Although I had to repeat a few steps today because of my mistakes, I learned some very important lessons. It is essential that you keep an eye on everything you have going on in the kitchen. We have to multi-task in this business, and often times you get distracted on new projects and forget about other things you have started. It is important to stir things constantly and be aware of everything needing to get done. I consider myself a good multi-tasker in general, but in the kitchen I need to be thinking about all the projects I’m responsible for and working on all the time.

Wednesday, November 3, 2010

Slice and Dice

Although it may not be the most exciting job, peeling and chopping vegetables is a key part in preparing food. Someone must be responsible for breaking down the fresh veggies that enhance the flavor in so many dishes.

Today I began by using the deli slicer to prepare the salami for the salami sandwich that is served with fig jam and cheese. The machine may make slicing meats convenient, but it sure does take a lot of muscle! You have to put pressure on the meat so that it shaves uniform pieces. The secret is to slice the meat while it is colder. I also sliced a piece of veal that was used for one of the daily salads. The veal was harder to slice because it is not as firm as the salami. Whenever working with the slicer, you must be very careful because it is an accident prone machine!

Next I helped prepare a soup with sausage, ham, celery, potatoes, carrots, beans, and onions. The vegetables required lots of attention! I had to peel carrots and potatoes and then cut them into ½ inch cubes. This is not as easy as it seems. It is important to make sure the vegetables are all the same size so that they cook at the same rate. Making cubes from round vegetables is also a difficult task, you need to cut off one side and then cut strips so that you can slice the cubes from the strips. The soup was still on the stovetop when I left work, but it sure was smelling delicious! I’m sure it tasted even better!

So much peeling took place in the kitchen today, which was rather difficult until I found the good peeler.
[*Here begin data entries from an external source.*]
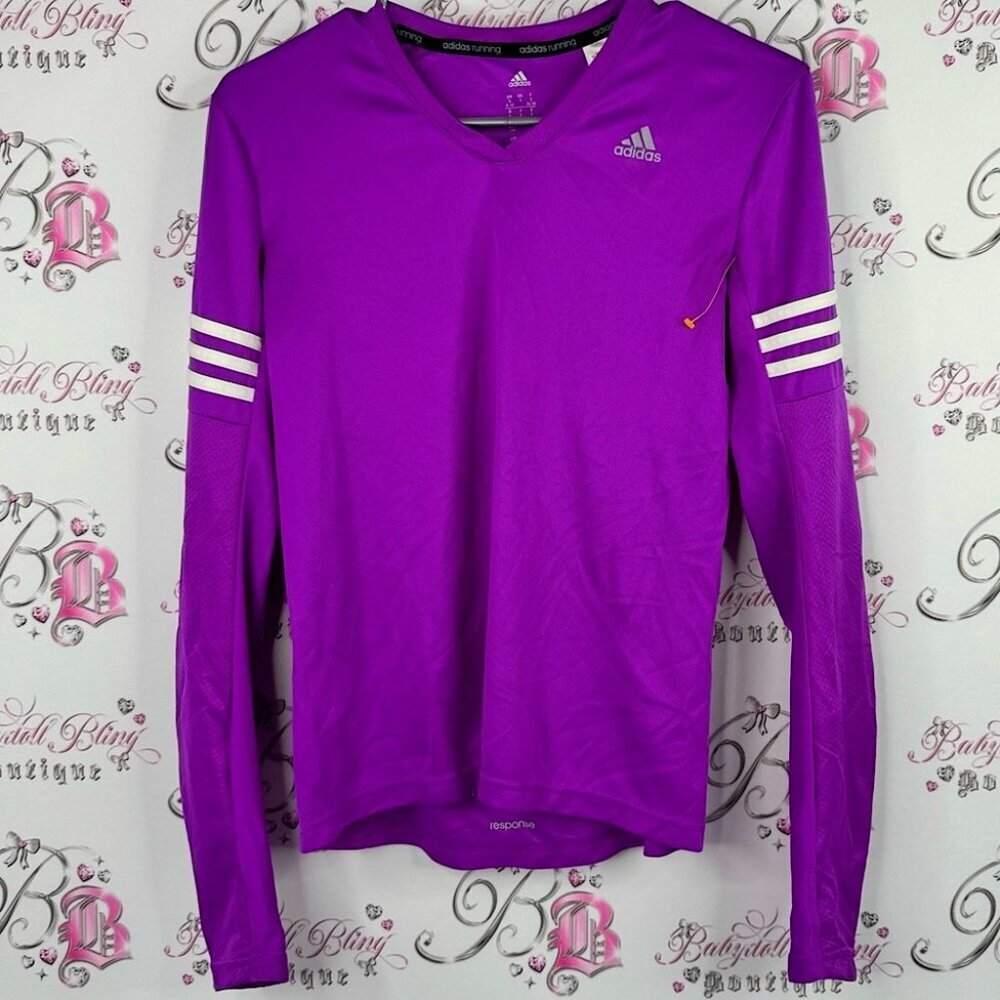 Adidas response pull over v neck Vibrant Purple Long Sleeve Top stripes white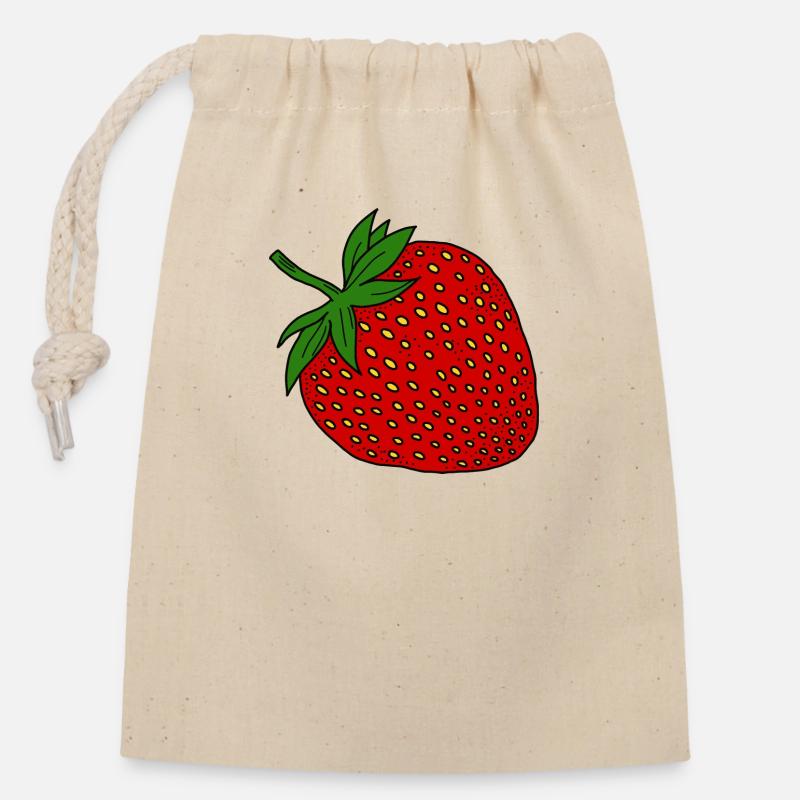 Strawberry - Closable cotton gift bag (14x20cm) - nature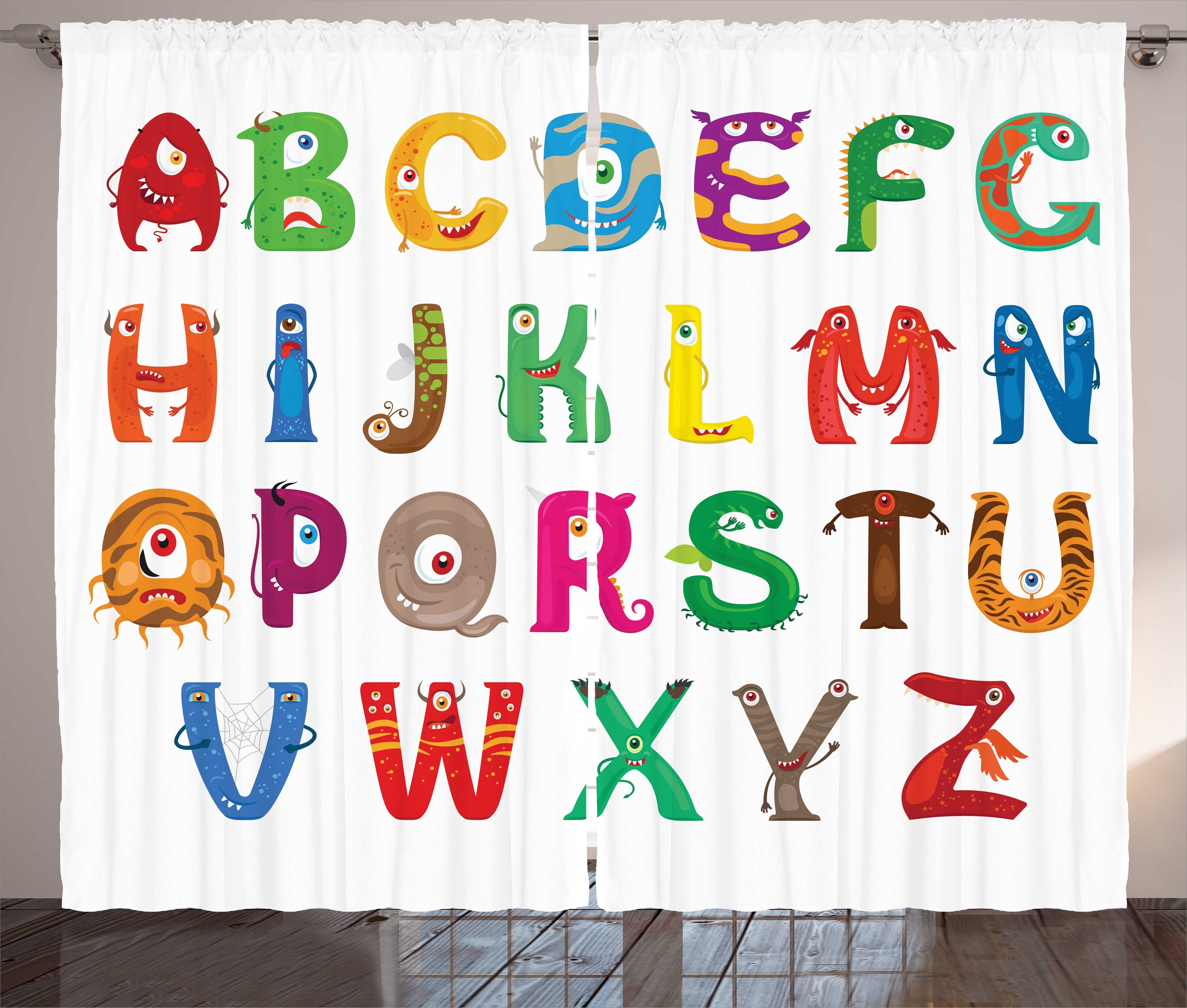 Alphabet und Kräuselband Letters Schlaufen Schlafzimmer Vorhang mit Monster Abakuhaus, Childish Gardine Haken,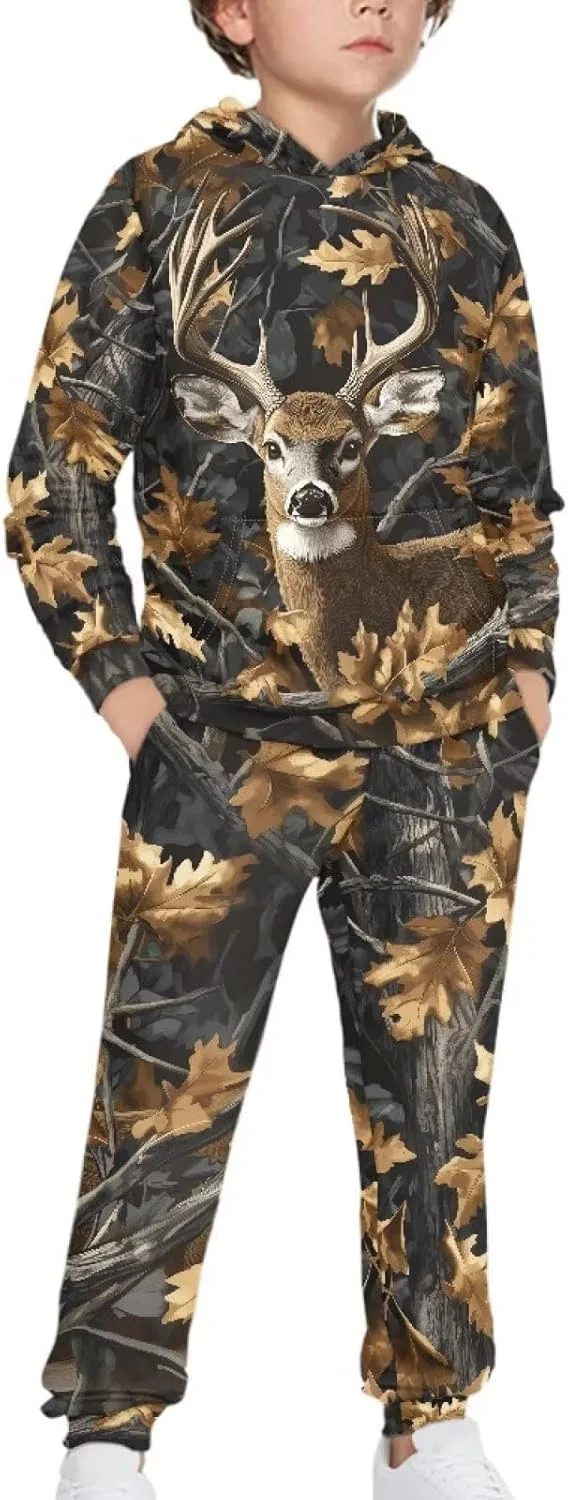 Детский спортивный костюм с капюшоном и брюками, DISNIMO, Deer Hunting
At first I was using a dinky plastic one that didn’t have much leverage. I had to peel the sweet potatoes and cube them up to make sweet mash for the vegetable plate. Then I had to peel carrots and shred them to make Happy Carrot Slaw that is on the Power lunch. After that I had to peel beets and shred them for the sweet potato salad. Luckily with the carrots and beets I used the Robot Coup, but then when I worked on the squash fritters, I had to shred them by hand on a box grater. That would be 20 squash that needed to be grated, by hand. Quite the task! I had to sauté the squash after I grated it to sweat moisture out so that they could be made into yummy fritters. These are also used on the vegetable plate.

While slicing and dicing up vergetables may be mundane work, it enhances my cutting skills. I am getting more efficient with knives, and more accurate when cutting up vegetables. Who knows maybe one day my knife skills will be better than Hong from Top Chef.